GPU mapping in PBS

I am running an MPI + CUDA HPC code on a system using Open PBS with multiple nodes, each node having 8 NVIDIA GPUs.

On a SLURM cluster, I can use “pinning” in order to assign the MPI
rank to the CPUs that are closest to each of the GPUs.

For simplicity, let’s assume we have a node with 4 GPUs and 16 CPUs (or cores), and we want to pin 4 MPI tasks such that each task is associated with one GPU and 4 cores that are closest to it. Here’s a simplified version of how I might go about doing it:

#SBATCH --nodes=1
#SBATCH --ntasks=4
#SBATCH --cpus-per-task=4
#SBATCH --gres=gpu:4
#SBATCH --cpu-bind=cores
#SBATCH --gpu-bind=map_gpu:0,1,2,3
mpirun ./my_application

An alternative approach (which however does not minimize CPU-GPU latency) is to use CUDA_VISIBLE_DEVICES, like so:

#SBATCH --ntasks=4
#SBATCH --gres=gpu:4

mpirun -np 4 -x CUDA_VISIBLE_DEVICES=$SLURM_LOCALID ./my_application

How can I do this using PBS for maximising the performance of the code?

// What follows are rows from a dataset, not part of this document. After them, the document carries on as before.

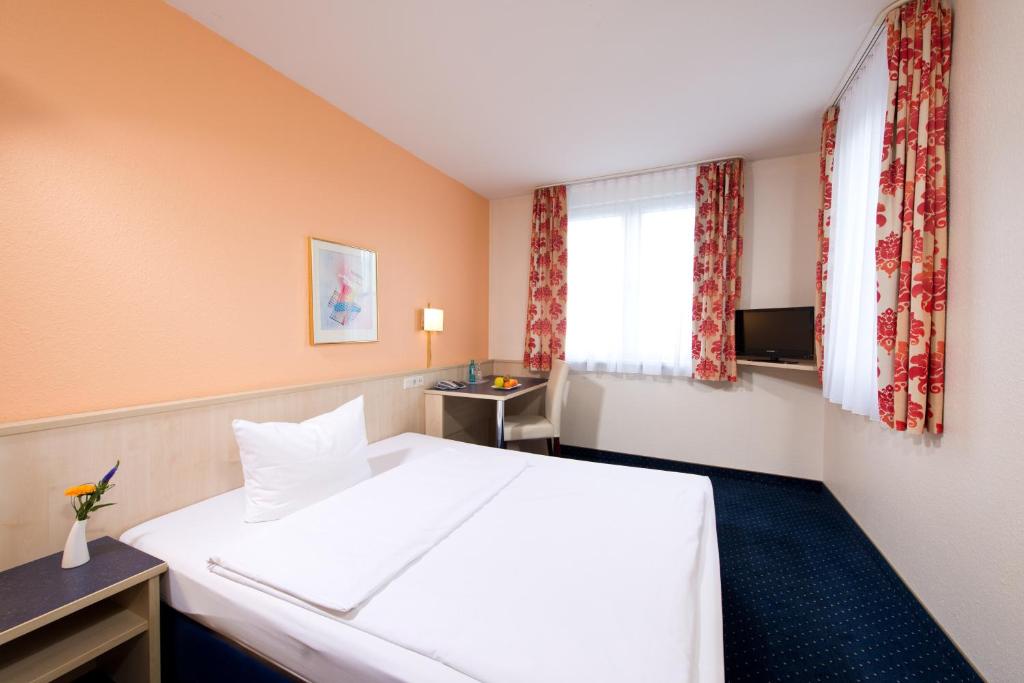ACHAT Hotel Leipzig Messe - Resim 25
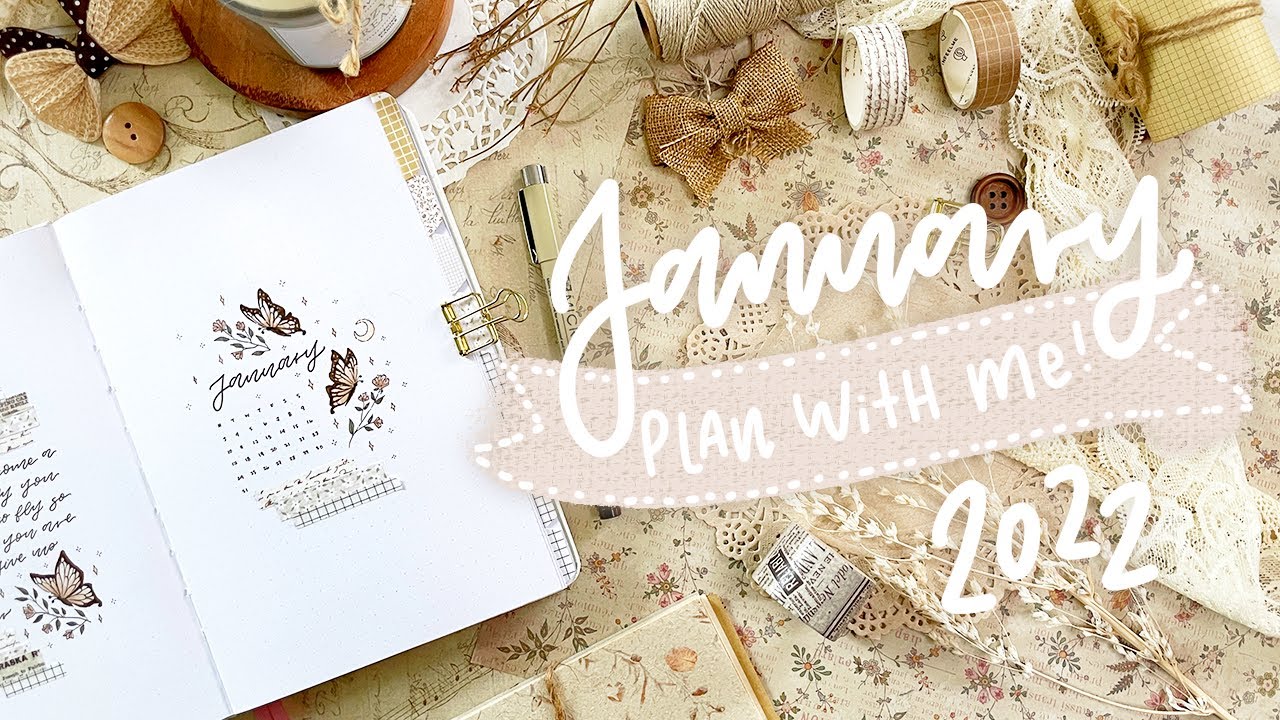 My Blog Bullet Journal Setup – My Dandelion Dreams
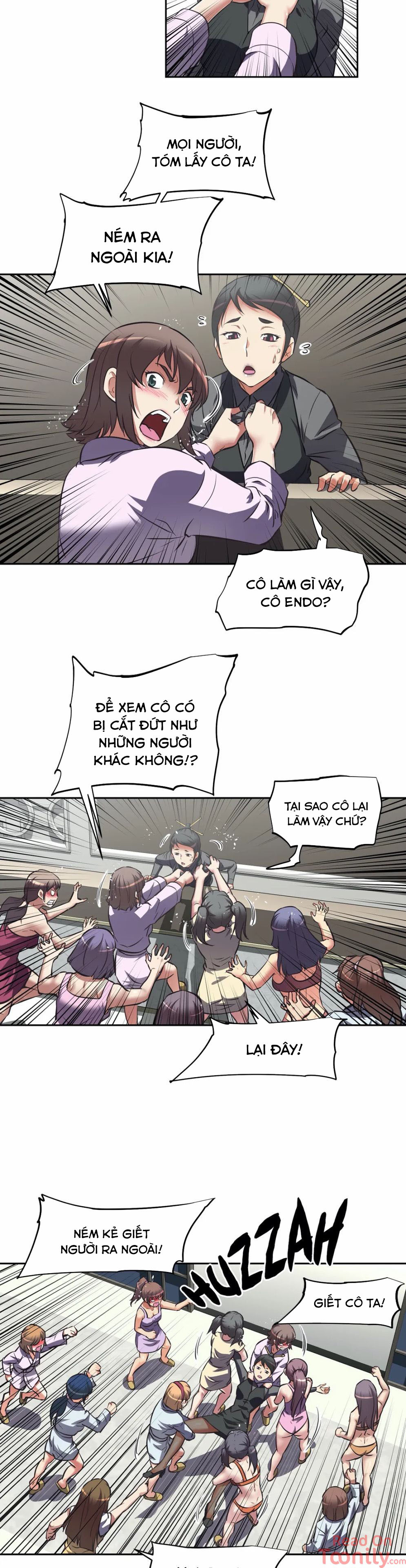 thiên đường nơi địa ngục chapter 5 18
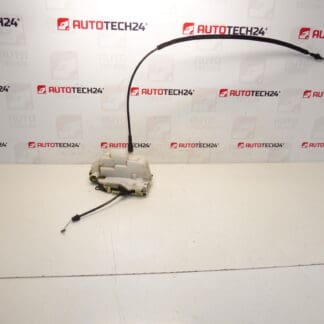Højre dørlås Citroën C2 5PIN 9136Q6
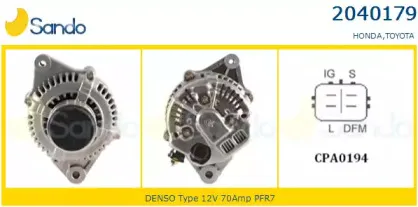 Генератор SANDO купить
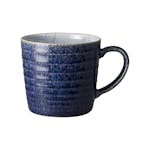 Räfflad Mugg Denby Studio Blue 40 cl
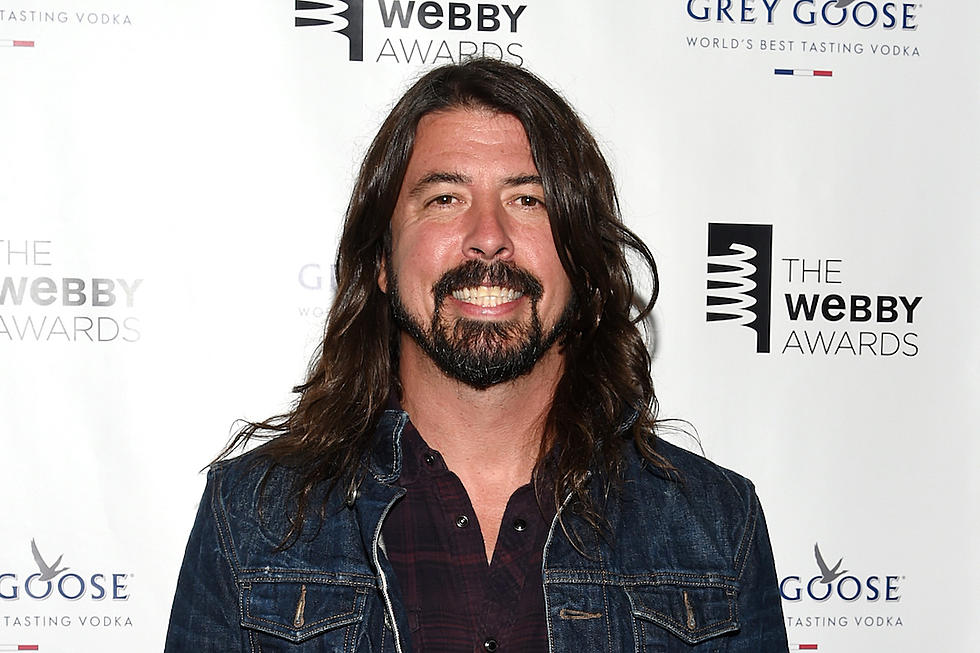 Dave Grohl ‘Terrified’ to Watch 'Montage of Heck'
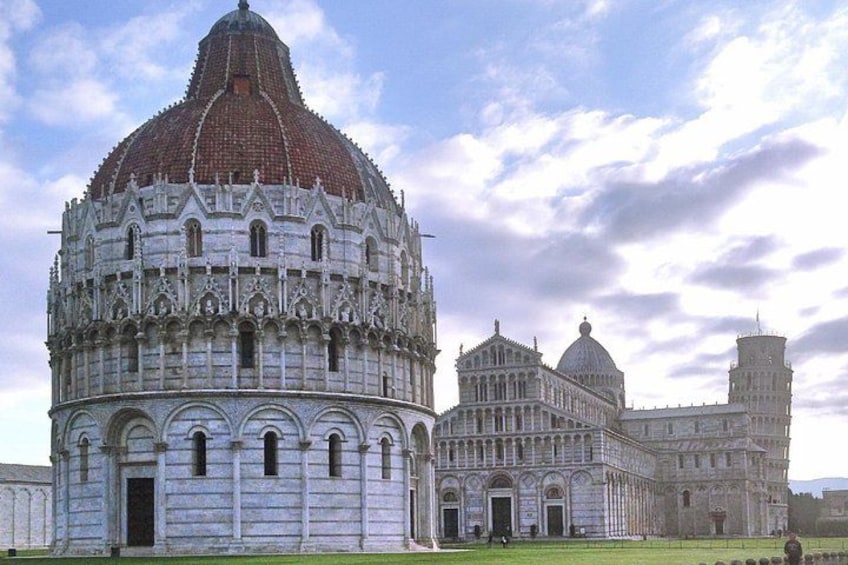 Pisa and Wine Tasting in Tuscany from Livorno 2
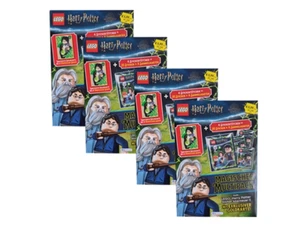 Blue Ocean LEGO Harry Potter Serie 2 Sticker – 1x Multipack Set - Picture 1 of 3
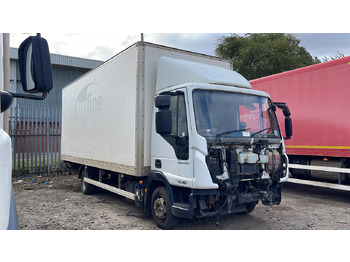 شاحنة مقفلة IVECO EuroCargo
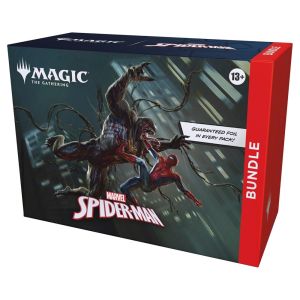 Magic: The Gathering | Marvel's Spider-Man - Bundle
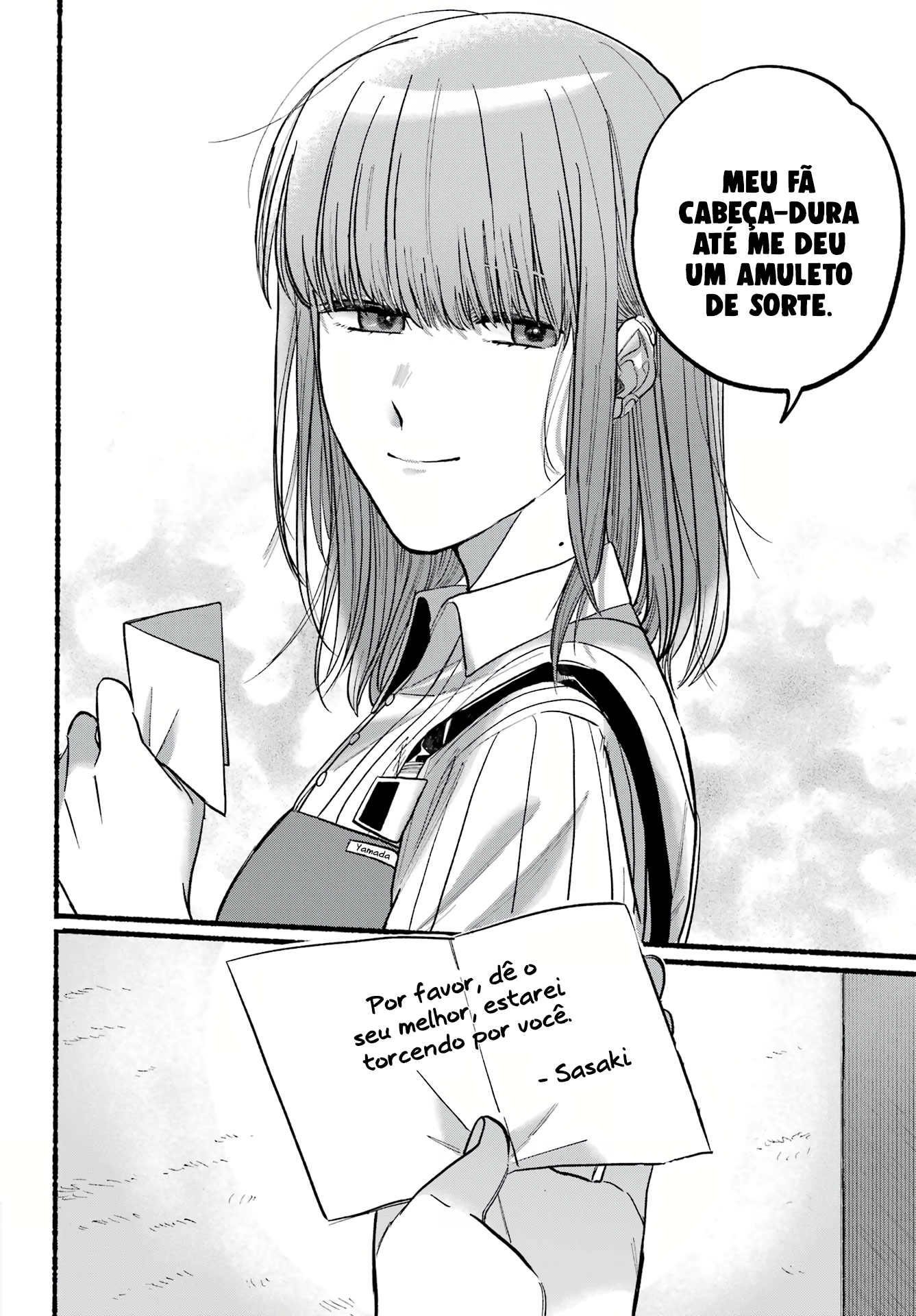 Read Smoking Behind the Supermarket with You PT Manga Online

Use the cgroup hook and enable vnode_per_numa_node, it will make the scheduler aware of the topology. But if you’re spanning more than one socket then you still have to discover what process to pin where and which GPU to use from that process.

Thank you for the information!
There are indeed 2 sockets per node, 4 GPUs per socket. Do you think you could maybe provide some sample code to make this clearer?